The new law makes strangulation or suffocation a felony punishable by imprisonment for up to 10 years and/or a fine of up to $5,000. Strangling is defined as “intentionally impeding normal breathing or circulation of the blood by applying pressure on the throat or neck or by blocking the nose or mouth of another person.” Strangling is commonly mixed up with choking. They are not the same thing. If an abuser had forcefully shoved grapes down into a woman’s trachea to cut off her air passages, then yes, he choked her. Deliberately grabbing a woman’s neck and squeezing until she blacks out, is quite another situation. I cannot emphasize enough the level of danger and lethality that coincide with strangulation. It is literally a matter of seconds that can mean the difference between irreparable brain damage and death. Even a small amount of force applied in just the right area can be fatal. Loss of consciousness can happen in seven to thirteen seconds, the body can entirely expire in four minutes. That is not a lot of time by any stretch.
As an advocate, a major red flag always goes up for me when a client discloses that she was strangled. It is a big deal. Period. We have a well-documented list of proven “lethality indicators” that show how dangerous an abuser is becoming based on his current behaviors. Strangulation tops the list followed by biting, making threats to kill, sexual assault and having access to weapons, just to name a few.

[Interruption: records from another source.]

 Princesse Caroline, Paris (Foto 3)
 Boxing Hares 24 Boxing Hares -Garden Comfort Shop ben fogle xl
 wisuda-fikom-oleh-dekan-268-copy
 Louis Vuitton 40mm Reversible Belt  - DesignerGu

When I mention how serious this act is to clients, none are surprised. They know how close they came to death. Many have said verbatim, “I honestly thought he was going to kill me. I saw my life flash before my eyes.” That is not to be taken lightly. Thankfully these particular clients were able to survive their attacks, many women do not. Strangulation accounts for 10% of all violent deaths annually in the U.S. Women are six times more likely to be strangled than men. This is absolutely gendered violence. Feel free to click here for more facts on strangulation.

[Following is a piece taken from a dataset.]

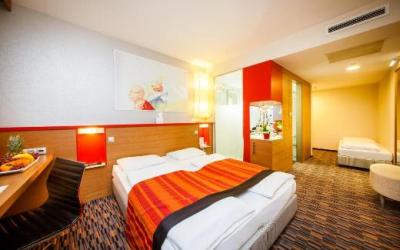 Royal Park Boutique Hotel trivietis kambarys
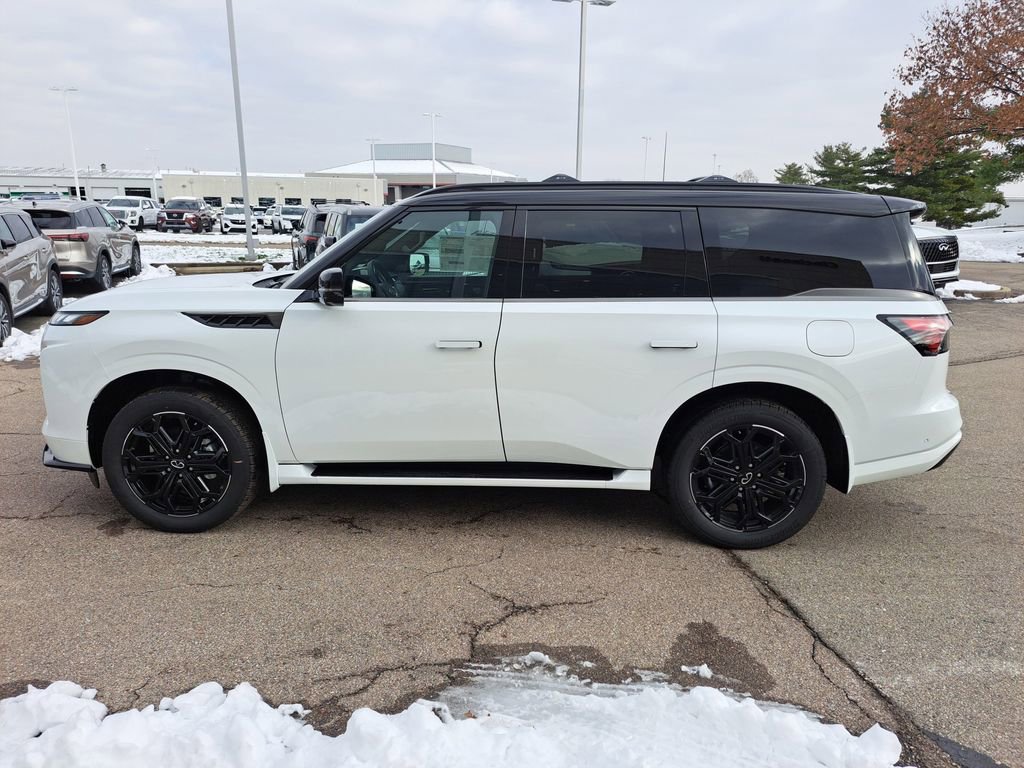 Certified 2026 INFINITI QX80 4WD w/ Sport Exterior Package image 2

So far two cities in Oakland County have already charged the new strangulation felony. Not bad for a 39 day old law. I applaud our partners in law enforcement as well as the Oakland County Prosecutor’s Office for taking these crimes as seriously as we do; and for being the first in the state of Michigan to lead the way. I encourage them to continue in their commitment to a coordinated community response to end domestic violence. Everyone is affected by these dangerous crimes. Please spread the word.